The tournament was about a half hour from ending, and anyone could win. Ogilvy and Woods were just two back, and the last few holes at Augusta National have derailed generations of would-be winners. Ogilvy joked about having no shot, but he didn't stop watching. He believed.

Tiger Woods did not.

Stevie Williams trudged past the window, carrying Tiger's clubs. The leaders dueled on the course. Stevie popped the hatch on the black Mercedes SUV, and as he put the clubs inside, a roar came in fast. He didn't turn around. Tiger was going home. Close isn't close enough, and time is not his friend.

Schwartzel got to 12-under, tying Adam Scott, and the golfers in the locker room headed to the parking lot, too. Bubba Watson walked out, carrying a FedEx box and a pink-shafted driver. Juli Ogilvy returned from the bar and looked over at Geoff. He was still just two shots back.

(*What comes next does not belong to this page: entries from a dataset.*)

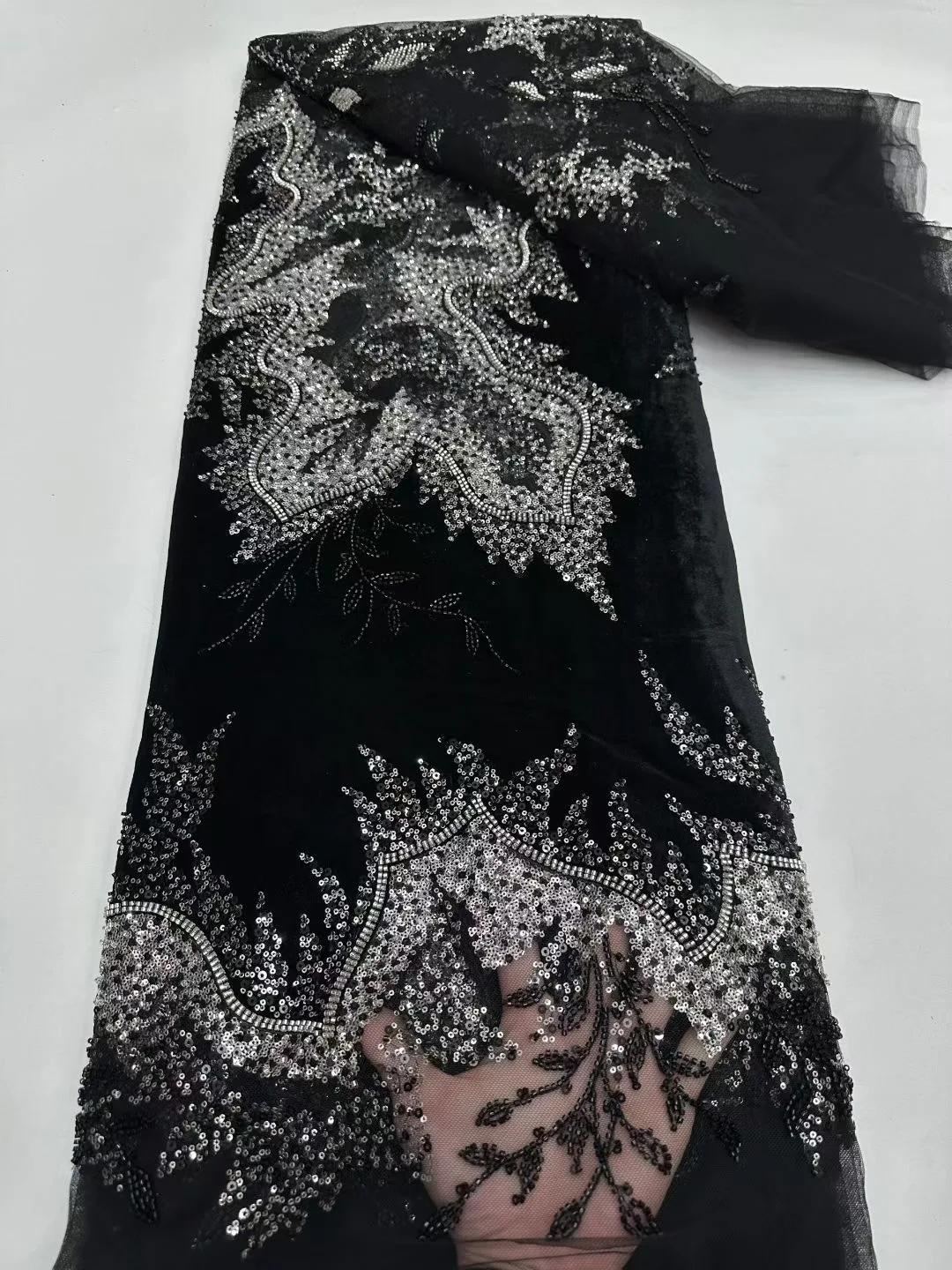 

Luxury African Beaded Lace Fabric High Quality 2025 Beads 3d Embroidery French Tulle Laces 5 Yards for Nigerian Wedding Dress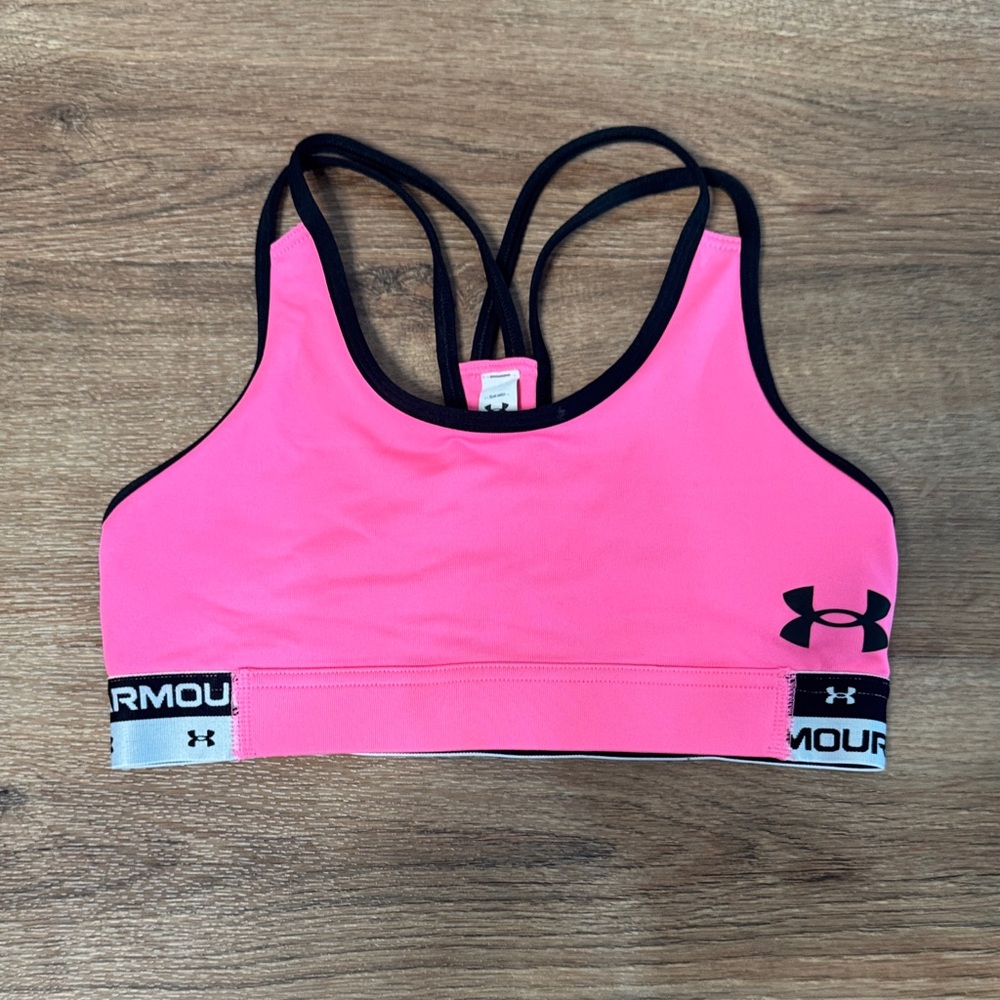 Girl’s YM Under Armour Hot Pink and Black Women's Sports Bra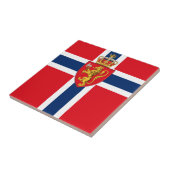Norwegisches Wappen auf norwegischer Flagge, Norwe Fliese (Seite)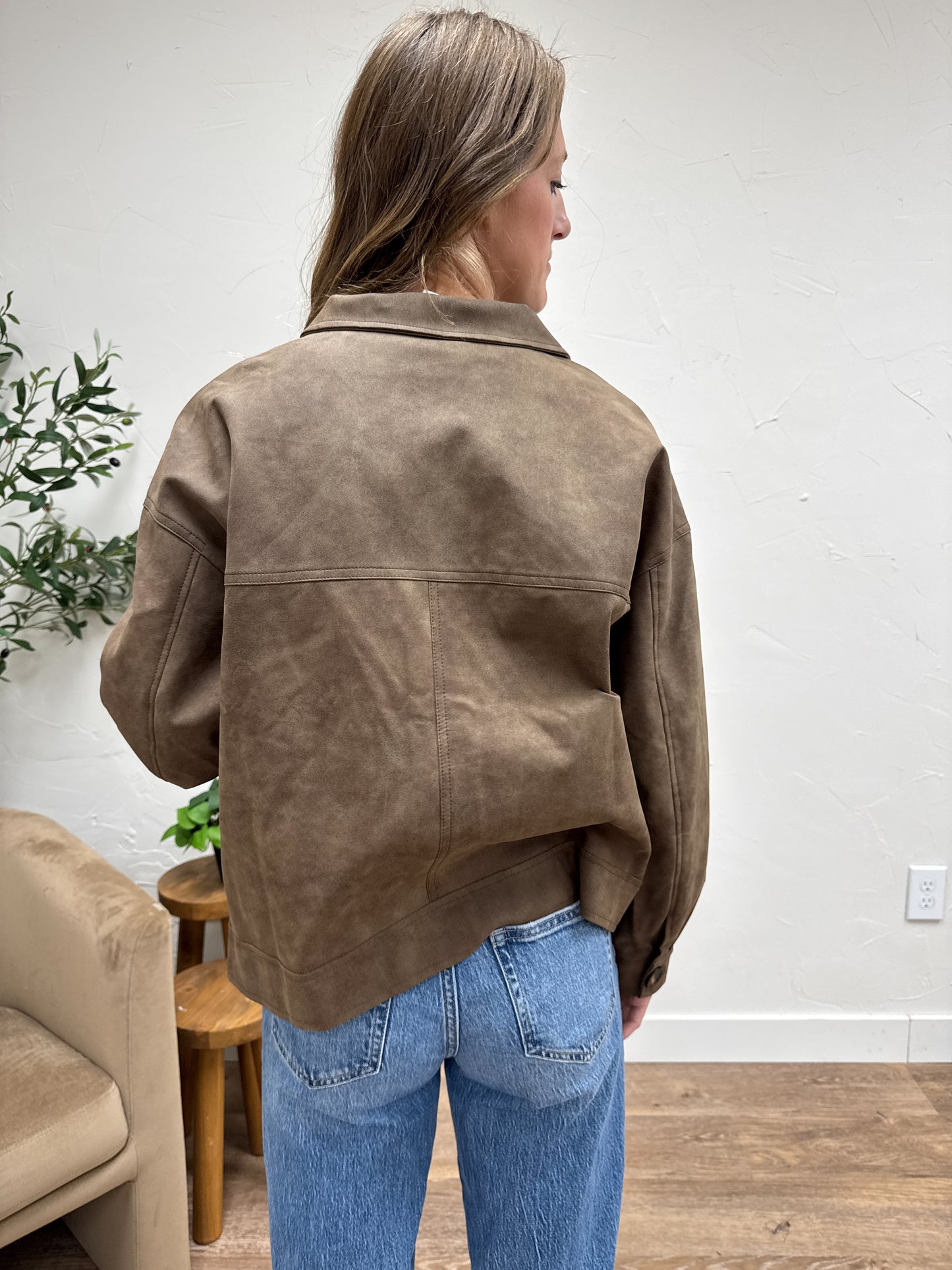 Faux Leather Button Front Shirt Jacket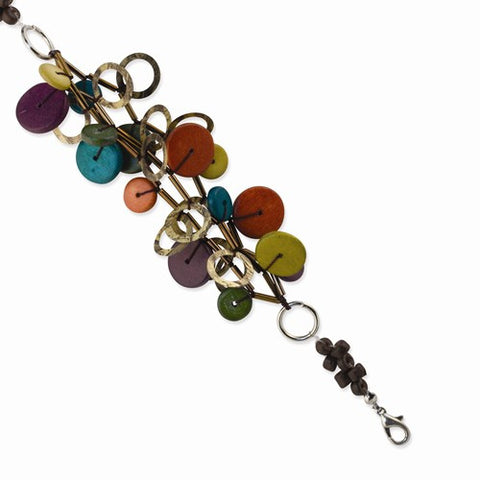 Silver-Tone Multicolored Hamba Wood Coconut & Sequin Bracelet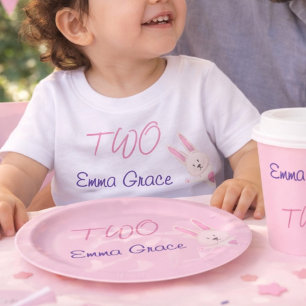 Whimsical Modern Pink Bunny 2nd Birthday Baby T-Shirt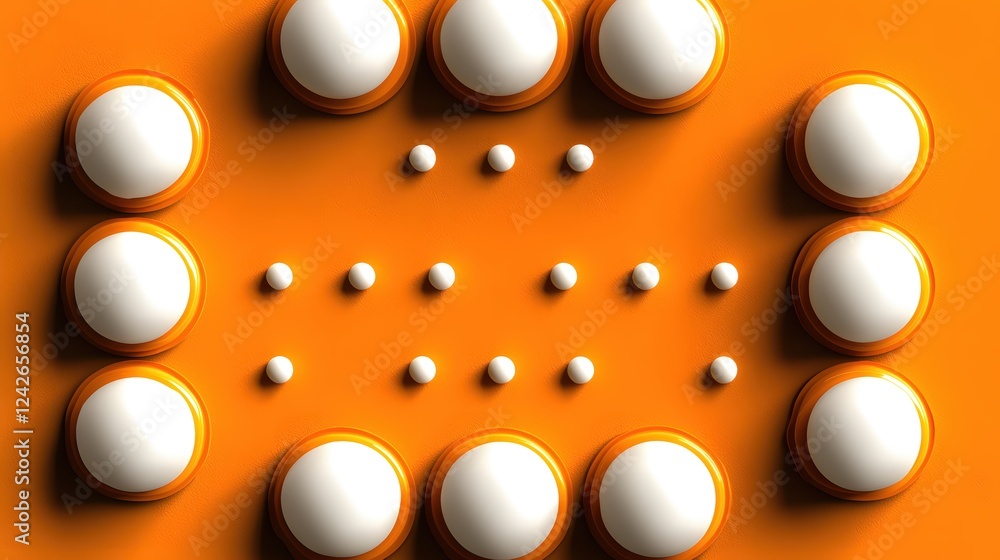 Aufkleber abstract orange and white sphere pattern design modern background
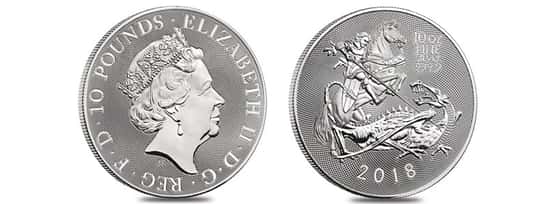 2018 Great Britain 10 oz Silver Valiant Coin In Cap .9999 Fine BU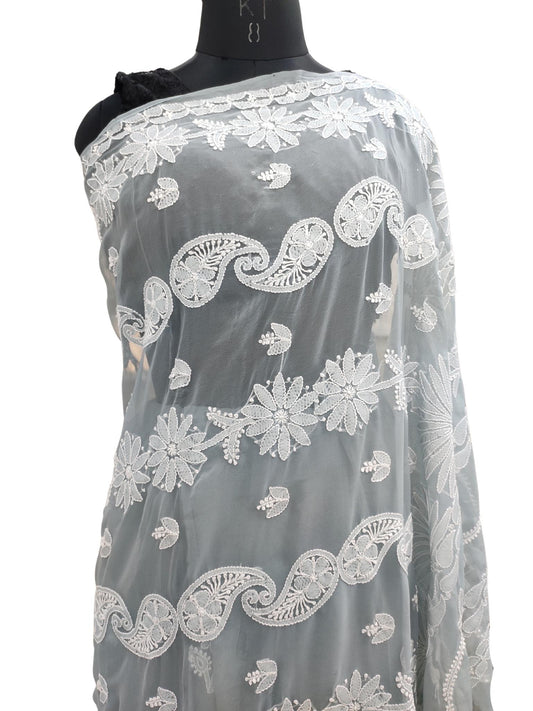 Shyamal Chikan Hand Embroidered Grey Georgette Lucknowi Chikankari Saree With Blouse Piece - S21323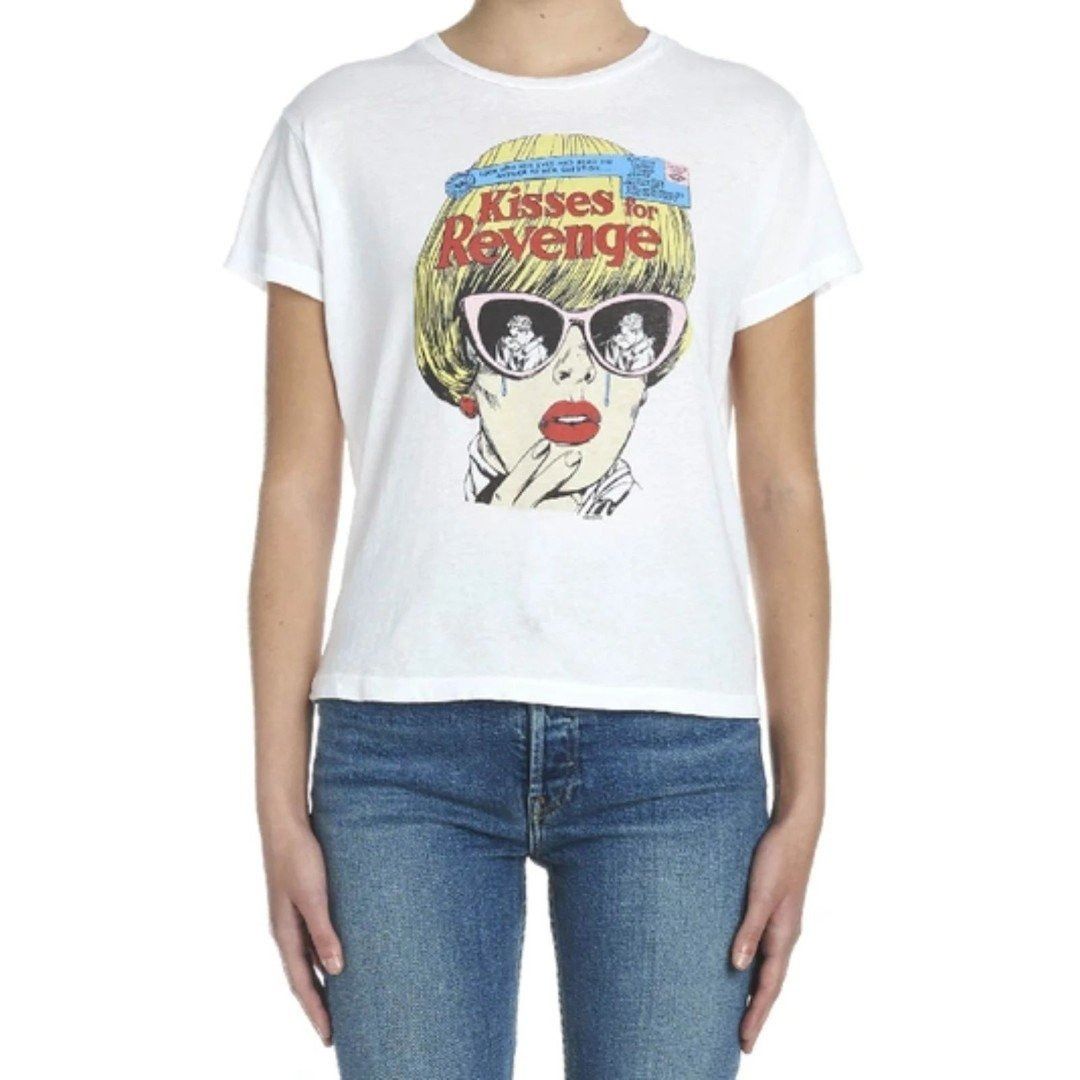 RE/DONE RE/DONE Kisses for Revenge Graphic Retro 70's Loose Tee Vint Size XS / US 0-2 / IT 36-38 - 7 Thumbnail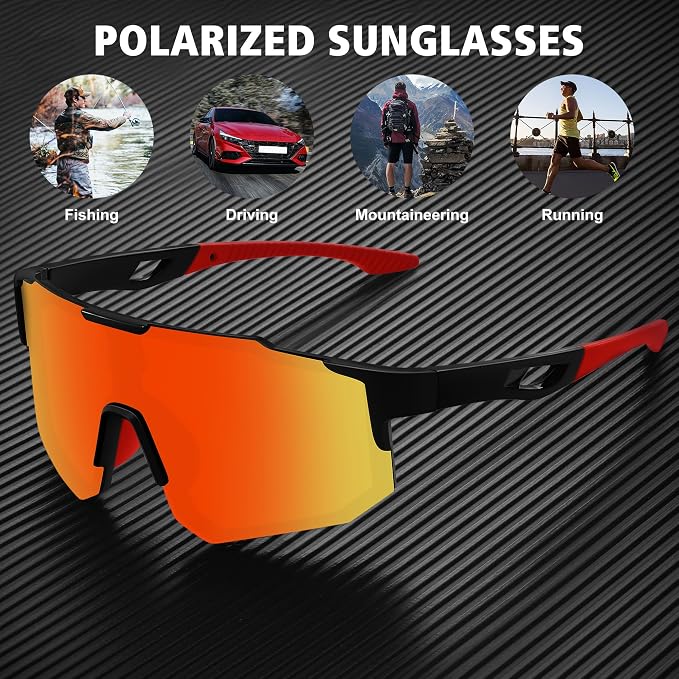 STORYCOAST Polarized Sports Sunglasses for Men Women,Driving Fishing Cycling Mountain Bike Sunglasses UV400 Protection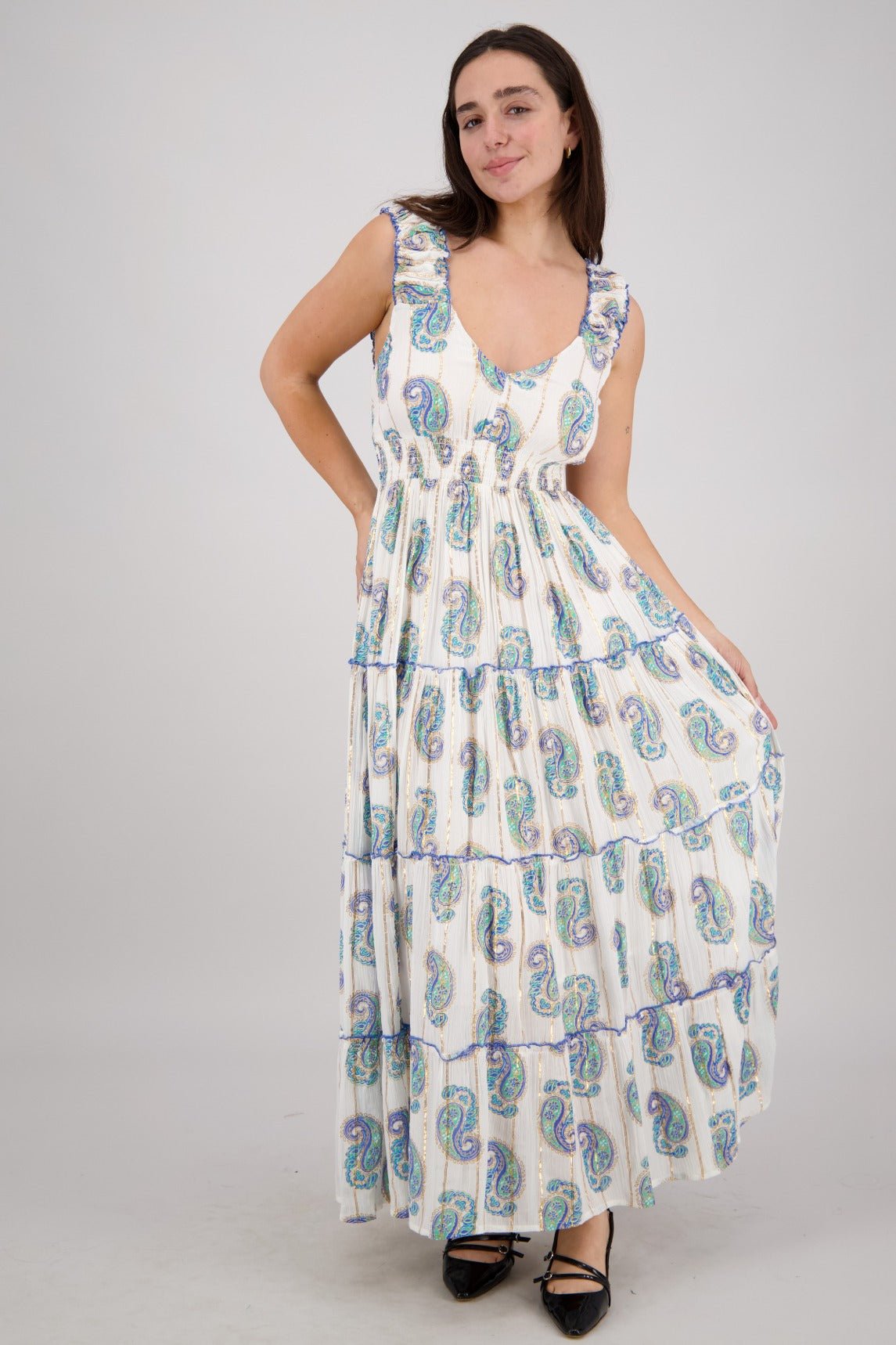 Sariyah Paisley Tiered Maxi - Advance Apparels Inc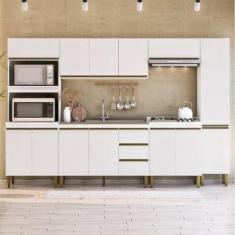 Imagem de Cozinha Modulada 6 Peças 2 Aéreos 2 Balcões 1 Torre Quente 1 Paneleiro Margarida Branco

"You want a drink?" she asked.

"When I'm out of it," he said.

With every move shown on televisions in the Grill Room, Scott and Schwartzel didn't lose strokes. They gained them. Ogilvy looked at the leaderboard and, finally, knew his Masters was finished.

"I'll start drinking now, eh?" he said, smiling.

Schwartzel birdied 17.

Tiger's mom stood up from her table and left. The winnowing happened fast now. Just an hour ago, a half dozen golfers dreamed, grinding each shot, all with a shot of winning, their families and friends living and dying alongside. Now they slipped away.

Ogilvy came into the room with his golf bag.

"Ready?" he asked.

His wife grabbed her purse. She hugged K.J. Choi's wife, who watched her husband bleed strokes coming home. Not long ago, Choi had been in the hunt. Like Ogilvy and Woods, he believed. But memories like that have a tiny half-life, and once hope is gone, it's hard to remember what it ever felt like at all. Choi bogeyed 17. He missed a par putt at No. 18, and when the final putt dropped, his family hurried out the door.

Only Schwartzel remained. His closing birdie gave him a two-shot win. The cameras found his wife, as the other wives gathered up children and headed to the next town. His agent, who'd enduring the stress a table away from Tiger's mom, wrapped him in a hug. The grill room began to clear, the blenders soon to be silent, the televisions soon to be dark. Outside, under the Big Tree, the air cooled. Even the heat was a memory now.